"You're going to have a coal-to-liquids industry in the United States," said John Ward, vice president for marketing and government relations for Headwaters Inc. "The question is how fast will it happen."
The National Mining Association's Coal-To-Liquids Coalition is hosting a conference this week in Beckley, W.Va. The event's agenda includes speeches by Rep. John Murtha, D-Pa., Sen. Jay Rockefeller, D-W.Va., and other politicians and updates on various coal-to-liquids projects by representatives of the U.S. Air Force and Rentech Inc., which is working to develop proposed plants around the country.
South Jordan, Utah-based Headwaters is working on a coal-to-gasoline plant proposed for North Dakota and researching the feasibility of coal-to-liquid plants for Pittsburgh-based Consol Energy.

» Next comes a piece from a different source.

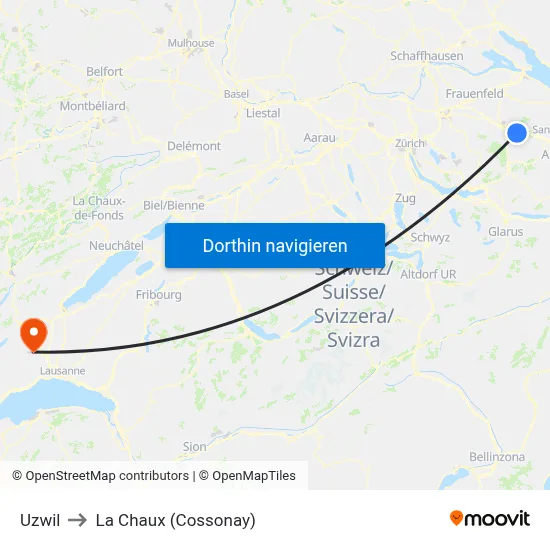 Uzwil to La Chaux (Cossonay) map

While most plants are years away from construction, Los Angeles-based Rentech hopes to convert a natural gas-fed fertilizer plant in East Dubuque, Ill., by the end of 2009 or 2010. Production would start low
-- 920 tons of fertilizer and 1,800 barrels of diesel a day.
That's at once a drop in the bucket compared with the nation's energy use and, to the industry's way of thinking, a big step in the right direction. Rentech Chief Executive Hunt Ramsbottom and others figure at least one of several larger proposed plants will be built.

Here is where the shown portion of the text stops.